Web page caption snippets
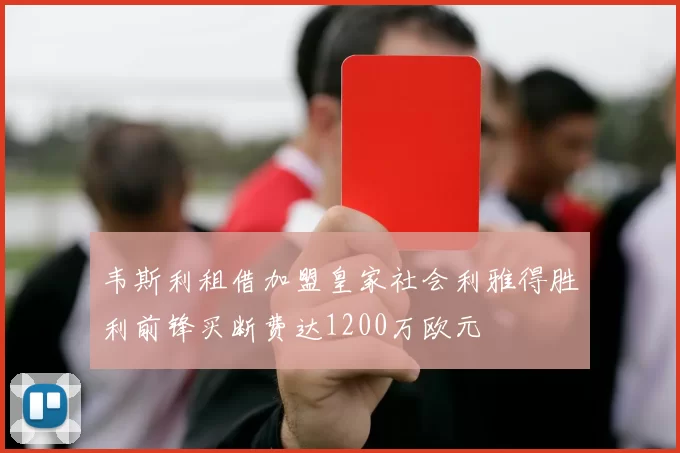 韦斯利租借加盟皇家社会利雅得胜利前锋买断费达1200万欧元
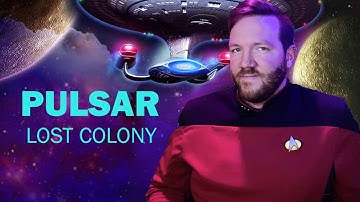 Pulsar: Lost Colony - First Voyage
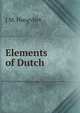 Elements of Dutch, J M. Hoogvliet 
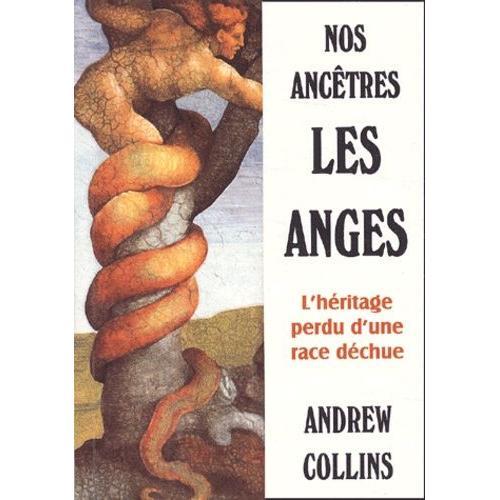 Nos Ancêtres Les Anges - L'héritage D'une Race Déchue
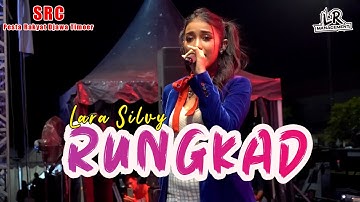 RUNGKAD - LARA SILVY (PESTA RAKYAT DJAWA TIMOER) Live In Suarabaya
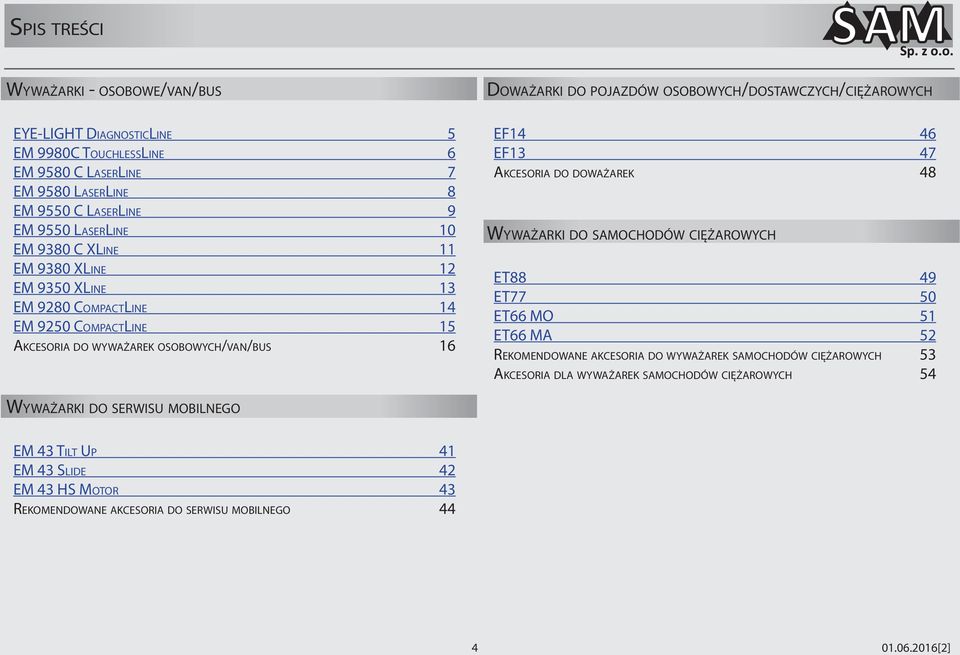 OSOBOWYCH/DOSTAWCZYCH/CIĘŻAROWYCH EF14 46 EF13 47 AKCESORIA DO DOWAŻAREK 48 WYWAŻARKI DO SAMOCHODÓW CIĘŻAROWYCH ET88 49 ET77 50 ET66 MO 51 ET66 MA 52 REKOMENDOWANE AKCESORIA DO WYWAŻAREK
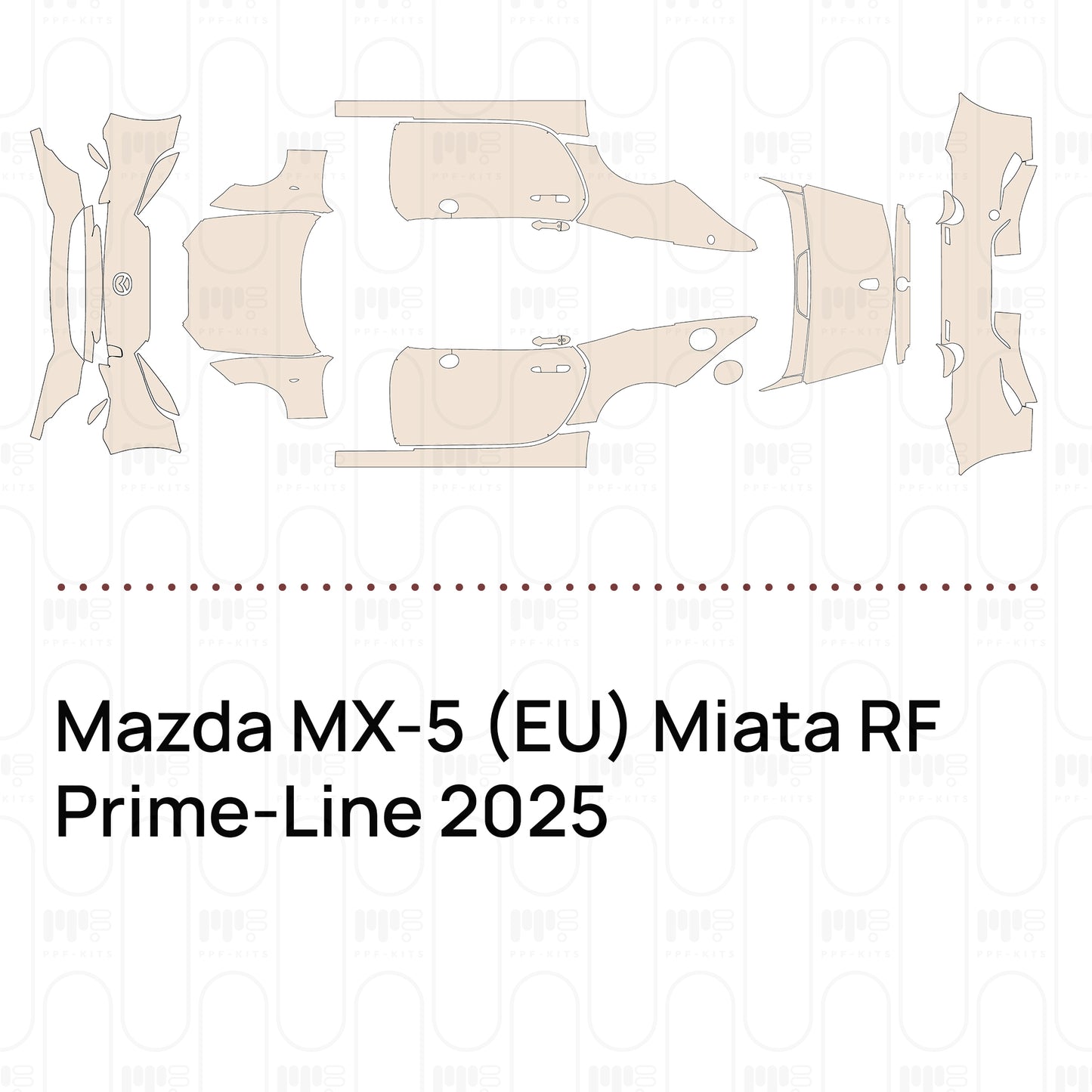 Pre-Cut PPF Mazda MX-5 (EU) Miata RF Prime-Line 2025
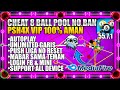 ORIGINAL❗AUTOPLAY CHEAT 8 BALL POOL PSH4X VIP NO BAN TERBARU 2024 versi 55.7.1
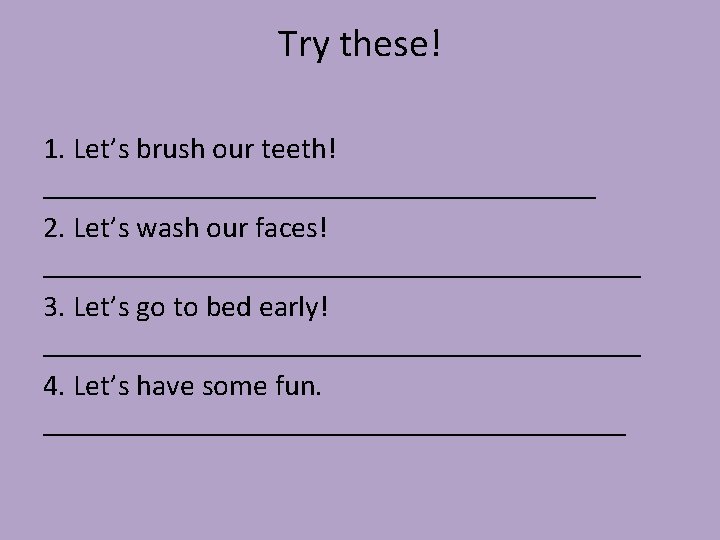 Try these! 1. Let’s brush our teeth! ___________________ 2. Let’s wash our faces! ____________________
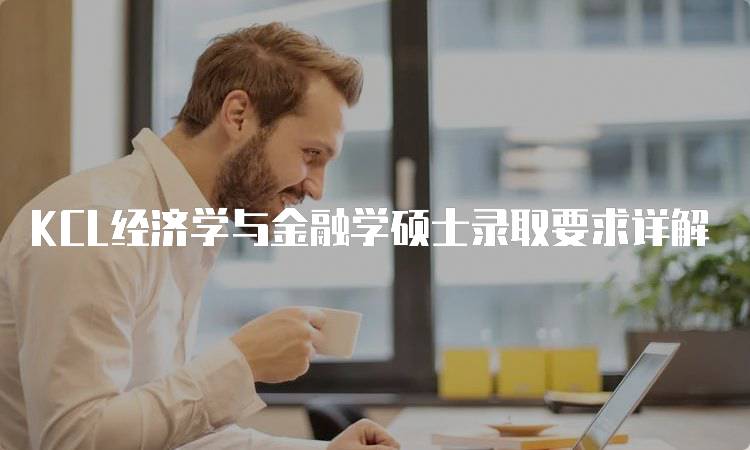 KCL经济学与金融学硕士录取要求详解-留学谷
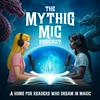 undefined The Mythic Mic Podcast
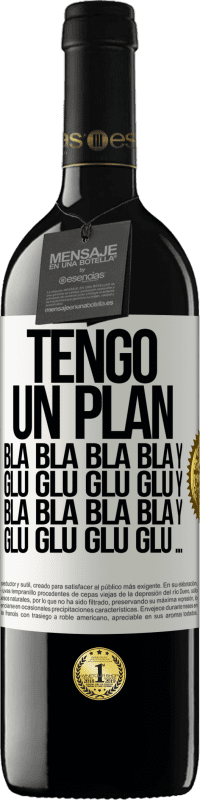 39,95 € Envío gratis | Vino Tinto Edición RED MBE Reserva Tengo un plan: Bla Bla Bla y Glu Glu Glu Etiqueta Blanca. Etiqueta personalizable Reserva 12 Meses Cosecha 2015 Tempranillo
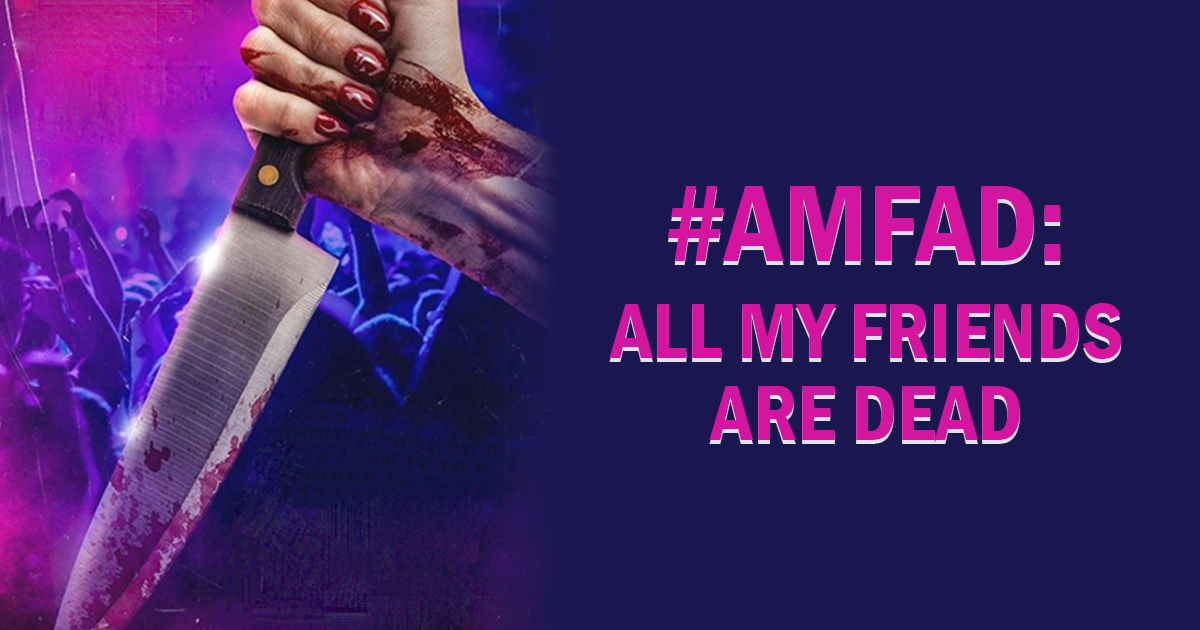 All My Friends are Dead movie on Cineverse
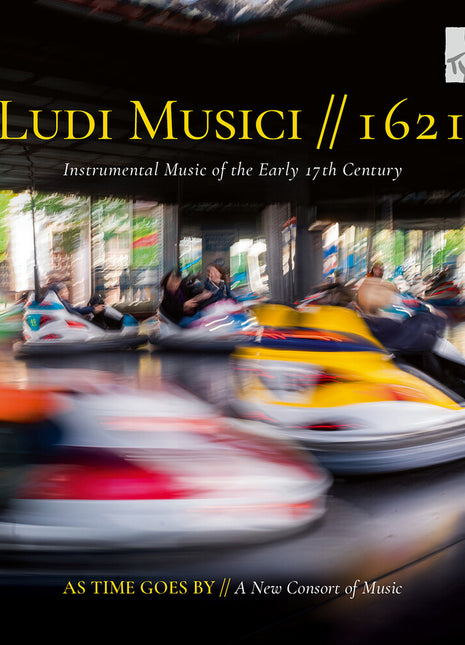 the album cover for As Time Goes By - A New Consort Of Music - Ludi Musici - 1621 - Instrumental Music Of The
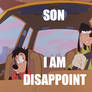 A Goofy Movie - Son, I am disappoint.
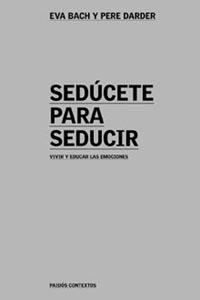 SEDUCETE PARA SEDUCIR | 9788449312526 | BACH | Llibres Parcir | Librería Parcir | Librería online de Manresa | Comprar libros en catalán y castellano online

AIM OF THE TASK:
Retype the lines starting with the one that holds "39,95 € Envío" and ending with the last line of the data above, both included; skip the pictures.

ANSWER SECTION:
 39,95 € Envío gratis | Vino Tinto Edición RED MBE Reserva Tengo un plan: Bla Bla Bla y Glu Glu Glu Etiqueta Blanca. Etiqueta personalizable Reserva 12 Meses Cosecha 2015 Tempranillo
 All My Friends are Dead movie on Cineverse
 the album cover for As Time Goes By - A New Consort Of Music - Ludi Musici - 1621 - Instrumental Music Of The
 A Goofy Movie - Son, I am disappoint.
 SEDUCETE PARA SEDUCIR | 9788449312526 | BACH | Llibres Parcir | Librería Parcir | Librería online de Manresa | Comprar libros en catalán y castellano online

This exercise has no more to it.